13.02 Extra-Contractual Damages. Extra-contractual damages are defined as
punitive, statutory or compensatory damages due to the Ceding Company's
negligence, oppression, malice, fault, wrongdoing or bad faith in
connection with an award against the Ceding Company in excess of the limits
of the policy reinsured as a result of, but not limited to, an act,
omission or course of conduct committed solely by the Ceding Company in
connection with the benefits payable under a particular policy reinsured
under this Agreement.
13.03 Exception. Except as provided in Section 13.04 below, the Reinsurer shall
not be liable for any extra-contractual damages.

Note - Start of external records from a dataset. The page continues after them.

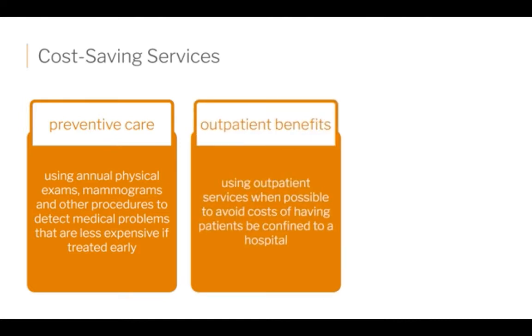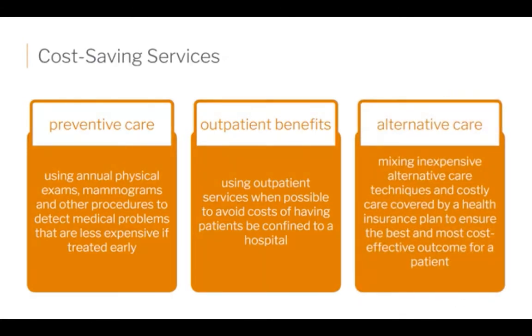Outpatient benefits involve using outpatient services, sometimes referred to as ambulatory — meaning you walk in, have a procedure, and walk out that same day. You have much less cost because you're not staying overnight in the hospital with 24-hour around-the-clock nursing care or room and board. Then there's alternative care — mixing inexpensive alternative care techniques with costly care covered by insurance plans, combining them to still get proper care while keeping costs down.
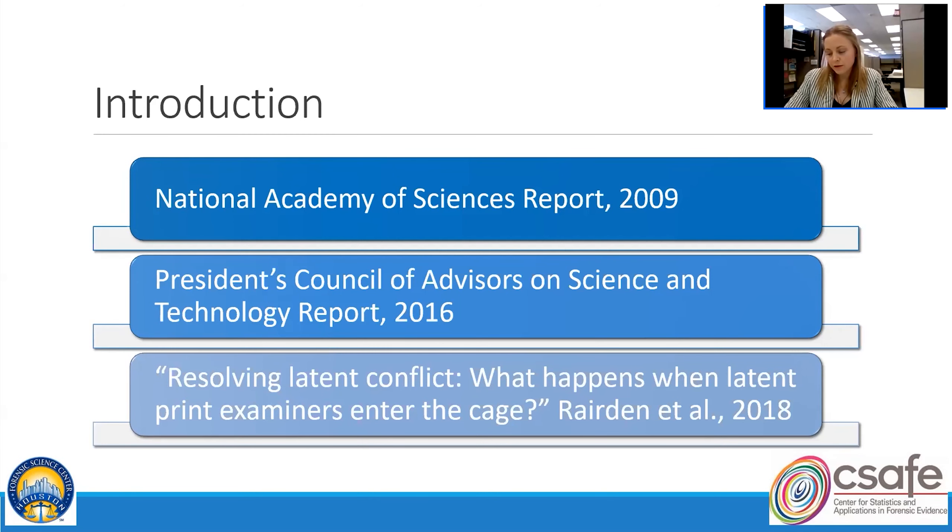There's been growing research on error rates and the influence of contextual effects on latent print analysis as a result of these reports. However, we found that there is not as much research examining actual latent print casework to first determine typical analytical procedures and outcomes. At the time we were conducting this research, we found that there were only two studies of real-world outcomes in latent print analysis. One of those was by Langenberg and colleagues, published in 2014, titled A Report of Statistics from Latent Print Casework.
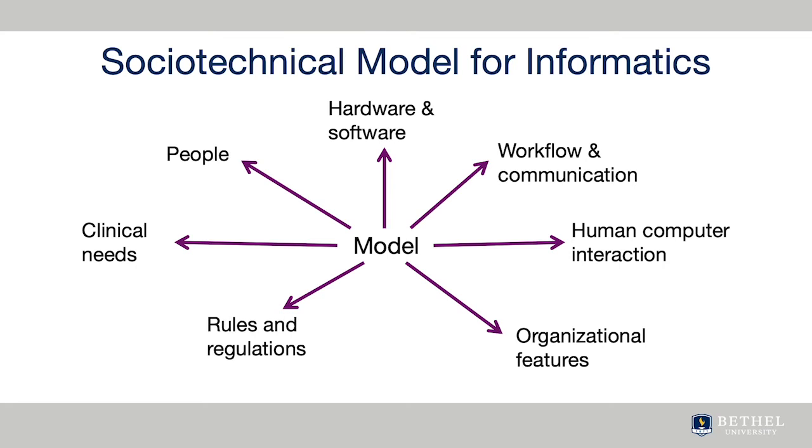These unintended consequences have given rise to new ways to look at the interaction between the social and technical environment in healthcare. A great example of this can be seen in the socio-technical model for informatics that outlines a way to evaluate a system by examining the hardware and software, the workflow communication, the human-computer interface, the internal organization features, the rules and regulations, the clinical content, and the people involved.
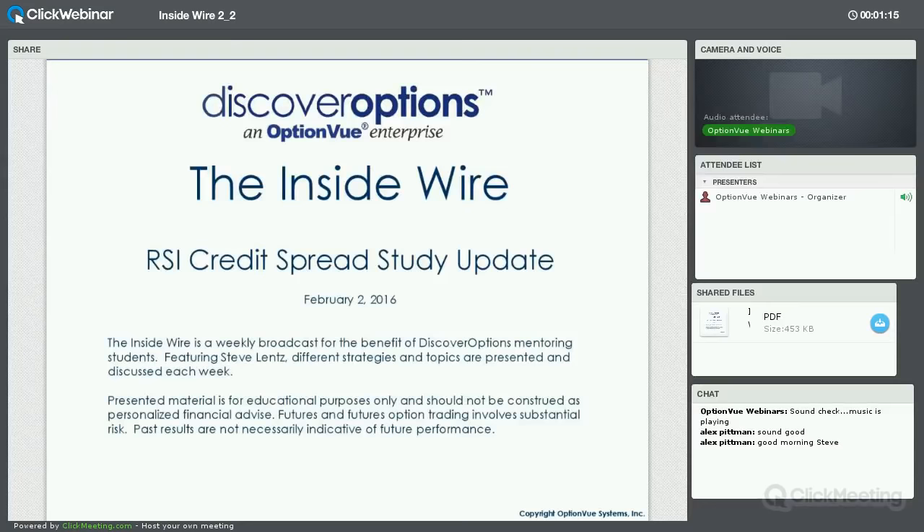Hello everyone, Steve Lenz here with the Inside Wire. It is February 2, 2016. I've got to keep reminding myself to say 2016.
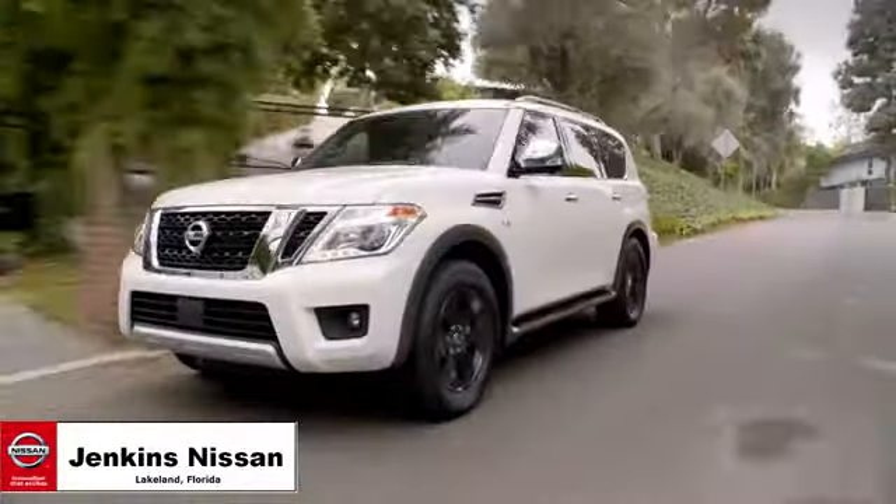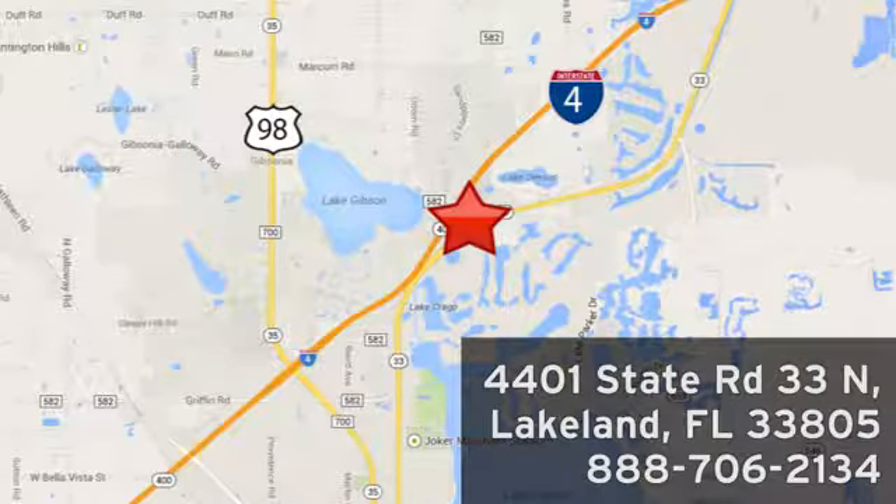Jenkins Nissan, where the deals are real. Or visit us in person at 4401 State Road 33 North in Lakeland, Florida.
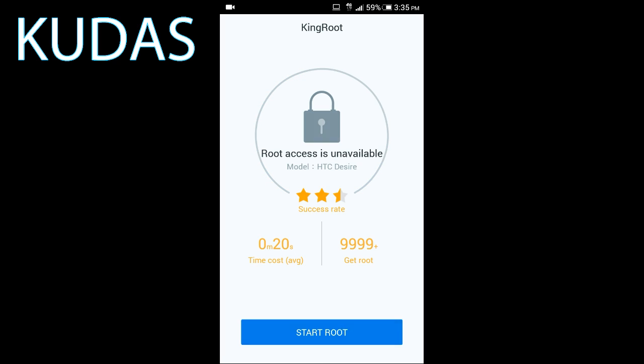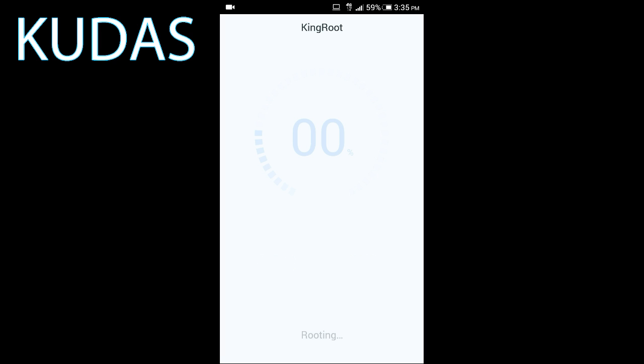Now let's wait — this is root access, root access is unavailable. Let's start root and see if it works. I'll be right back when I see if it roots or not and I'll catch you guys later.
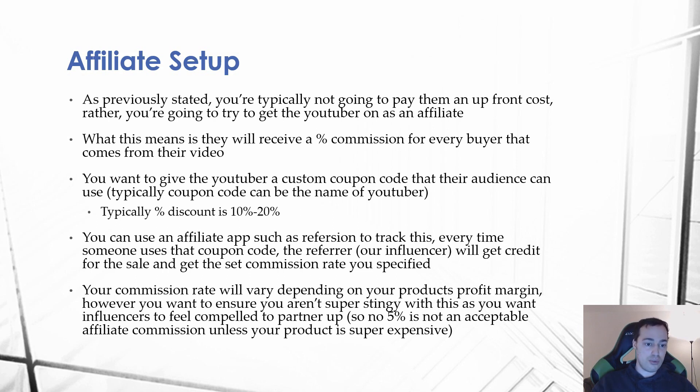For example, if it was PewDiePie you could say 'use code PewDiePie for 10–20% off your order.' You and the influencer can discuss and decide what works best. You can use an affiliate app such as Refersion to track all of this automatically, so you don't have to manually calculate what each YouTuber is owed. Every time someone uses that coupon code, the influencer gets credit for the sale and receives the agreed commission rate automatically.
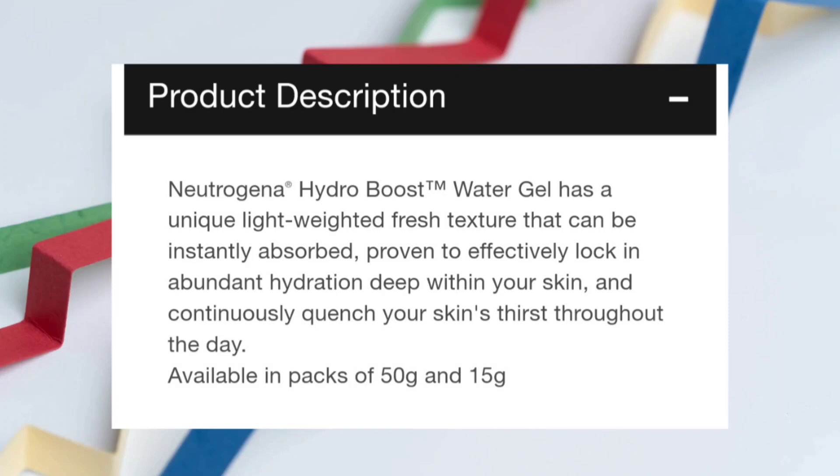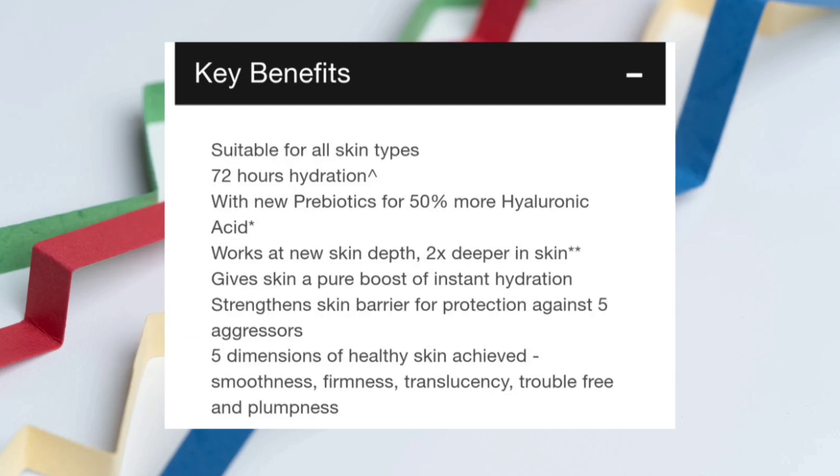Let's take a look at the claims of this popular moisturizer. With 50% more hyaluronic acid, it has a unique lightweight fresh texture that can be instantly absorbed, proven to effectively lock in abundant hydration deep within your skin and continuously quench your skin's thirst throughout the day. Key features include two times deeper penetration, instant hydration boost, strengthens skin barrier, and five dimensions of healthy skin: smoothness, firmness, translucency, trouble-free, and plumpness.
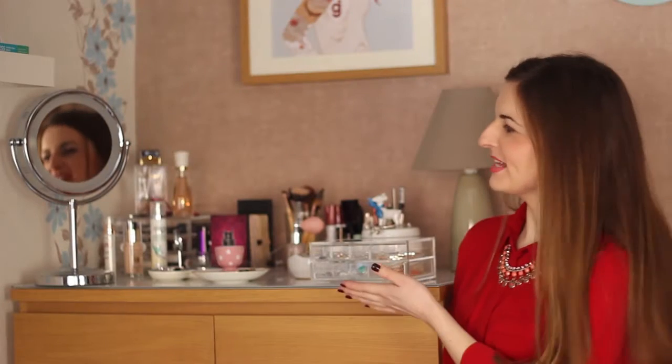Hey guys, welcome to my dressing table area. Today I'm going to take you on a tour of my dressing table, telling you what I keep on top of it and what I keep in the top drawers, and generally just how I use my dressing table day to day.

13.04 Assessment of Damages. The Reinsurer recognizes that circumstances may
arise under which the Reinsurer, in equity, should share, to the extent
permitted by law, in paying certain assessed damages. The Reinsurer may be
liable for any punitive, statutory or compensatory damages awarded or
assessed against the Ceding Company if the Reinsurer elected to join in the
contest, litigation or denial of the claim, in writing, and actively
directed, participated in, consented to or ratified an act, error, omission
or course of conduct of the Ceding Company that ultimately resulted in the
award or assessment of punitive, statutory or compensatory damages. The
extent of such sharing is dependent on the good faith assessment of
culpability in each case, but all factors being equal, the division of such
assessment would be in proportion to what impact the Reinsurer's opinion
had on such damages.
13.05 Legal Fees. If the Reinsurer has liability for damages as stated in
Section 13.04 above, the Reinsurer shall reimburse the Ceding Company for
its share of reasonable legal fees incurred in defense of punitive,
statutory or compensatory damages.
ARTICLE 14
Increase in Retention and Recapture
14.01 The reinsurance under this Agreement shall be maintained in force without
reduction except as specifically provided for in this Agreement.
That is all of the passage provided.